7987 Views 3 Replies Latest reply: Mar 17, 2011 7:16 AM by JoeyR
You didn't "lose" $1000 in one year. You paid $1000 to have and use the fastest Mac that was then available for a year.
I paid $2500 in 1984 (and those were 1984 dollars!) for a Mac that had 128KB of RAM, a 9" diagonal black and white (not grayscale) screen, no hard drive, one 400K floppy drive, a second 400K floppy drive for an extra $500, and an impact printer for another $500. Have I "lost" all that money now that that hardware has no value at all? No: I got great use out of that computer. I paid what it was worth to me at the time.
So did you.
1. you've had the machine for a year.
2. you take the biggest hit in depreciation the first 1-2 years with big ticket items.
3. you are only losing $500 as the replacement cost is $500 cheaper
4. does your current mac run that slow? how much do you really need for audio work? I know a guy that's done plenty of that work on his 3 year old macbook... for international clients too.

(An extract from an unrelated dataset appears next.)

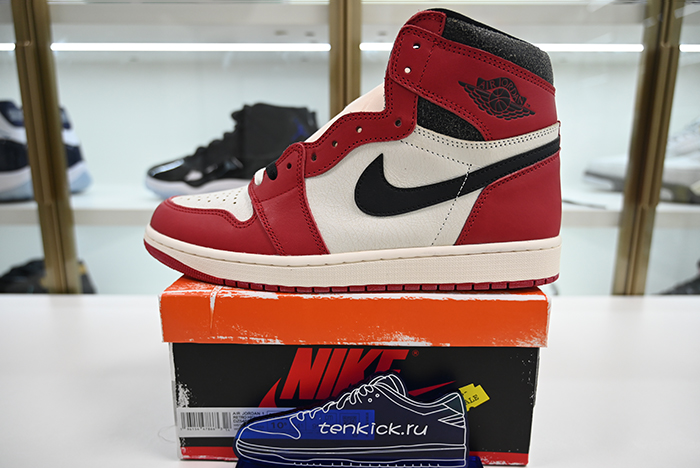Air Jordan 1 High OG “Chicago Reimagined”  DZ5485-612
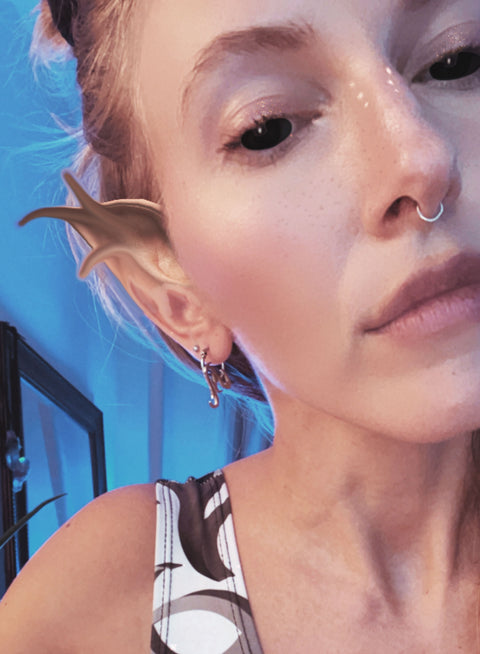 leo symbol zodiac hoop earrings in stainless steel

stop complaining. the rest of us aren't gonna wait for updates because of this... you can save some money by not opting for the RAM and CPU upgrade (the 2.3 is not worth the $250 imo, mine is more than fast enough & I'm recording/compressing HD video!). do the ram yourself. the 256gb SSD might be worth it, otherwise opt for the 7200rpm HD at no cost. I spent $50 on the anti-glare screen & really like it.
The computer industry has been doing pretty much the same thing since it started... Performance goes up while prices go down. You've had your machine for a year. If Apple can produce a better product and offer it at a lower price, there are lots of people looking to purchase a new machine who will be very happy about that. It certainly doesn't make sense to not remain competitive just because they offered "X" product last year at a higher price.